The fossil teeth are approximately 80.3 million years old (Late Cretaceous epoch), and belong to several shark species, including the extinct Late Cretaceous group Squalicorax. “Squalicorax, which grew to between 2 and 5 m (6.6-16.4 feet) long, lived only during the Late Cretaceous, so acts as a reference point in dating these fossils,” the scientists said. The fossil teeth were encountered in the same Iron Age cultural layers together with a wide diversity of archaeological fish originating from the Mediterranean Sea and the Nile.
They clearly do not represent food remnants although their use remains elusive. It may be they were brought to the city intentionally as the nearest fossil shark teeth bearing outcrops of Cretaceous age are situated in the Negev Desert, although similar aged layers also crop out near the City of David. Intriguingly, the fossils were found together with hundreds of bullae — items used to seal confidential letters and packages — implying a possible connection with the administrative or governing class at some point.
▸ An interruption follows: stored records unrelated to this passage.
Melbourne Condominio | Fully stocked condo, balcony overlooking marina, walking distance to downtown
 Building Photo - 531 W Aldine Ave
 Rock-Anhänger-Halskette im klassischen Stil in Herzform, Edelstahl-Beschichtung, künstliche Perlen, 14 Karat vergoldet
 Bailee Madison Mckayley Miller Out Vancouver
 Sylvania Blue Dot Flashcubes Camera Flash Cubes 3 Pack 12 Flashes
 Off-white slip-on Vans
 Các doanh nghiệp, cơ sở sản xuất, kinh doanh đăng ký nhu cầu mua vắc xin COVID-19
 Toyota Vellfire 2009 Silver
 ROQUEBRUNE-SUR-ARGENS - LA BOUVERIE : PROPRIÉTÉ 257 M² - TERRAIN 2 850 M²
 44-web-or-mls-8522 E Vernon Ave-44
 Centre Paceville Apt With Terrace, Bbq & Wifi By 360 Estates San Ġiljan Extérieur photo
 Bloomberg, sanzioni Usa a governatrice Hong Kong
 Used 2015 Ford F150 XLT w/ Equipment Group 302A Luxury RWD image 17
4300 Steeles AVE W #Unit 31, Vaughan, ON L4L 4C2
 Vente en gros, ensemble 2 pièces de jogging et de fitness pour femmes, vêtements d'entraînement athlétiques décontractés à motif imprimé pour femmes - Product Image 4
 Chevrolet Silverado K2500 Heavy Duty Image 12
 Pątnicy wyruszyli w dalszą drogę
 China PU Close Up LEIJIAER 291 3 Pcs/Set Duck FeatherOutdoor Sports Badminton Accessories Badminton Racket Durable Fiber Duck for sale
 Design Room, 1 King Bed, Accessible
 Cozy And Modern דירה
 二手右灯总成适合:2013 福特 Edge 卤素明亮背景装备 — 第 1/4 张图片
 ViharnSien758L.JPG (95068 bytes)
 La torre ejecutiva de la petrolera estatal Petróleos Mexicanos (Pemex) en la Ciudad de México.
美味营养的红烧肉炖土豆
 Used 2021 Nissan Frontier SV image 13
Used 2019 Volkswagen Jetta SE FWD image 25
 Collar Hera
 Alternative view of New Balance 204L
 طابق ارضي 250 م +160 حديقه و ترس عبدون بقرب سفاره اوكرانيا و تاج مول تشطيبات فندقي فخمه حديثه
“We had at first assumed that the shark teeth were remains of the food dumped nearly 3,000 years ago, but when we submitted a paper for publication, one of the reviewers pointed out that the one of the teeth could only have come from a Late Cretaceous shark that had been extinct for at least 66 million years,” Dr. Tuetken said. “That sent us back to the samples, where measuring organic matter, elemental composition, and the crystallinity of the teeth confirmed that indeed all shark teeth were fossils.” “Their strontium isotope composition indicates an age of about 80 million years.” “This confirmed that all 29 shark teeth found in the City of David were Late Cretaceous fossils, contemporary with dinosaurs.”
“More than that, they were not simply weathered out of the bedrock beneath the site, but were probably transported from afar, possibly from the Negev, at least 80 km (50 miles) away, where similar fossils are found.” “Our working hypothesis is that the teeth were brought together by collectors, but we don’t have anything to confirm that,” he said.
“There are no wear marks which might show that they were used as tools, and no drill holes to indicate that they may have been jewelry.” “We know that there is a market for shark’s teeth even today, so it may be that there was an Iron Age trend for collecting such items. This was a period of riches in the Judean Court.”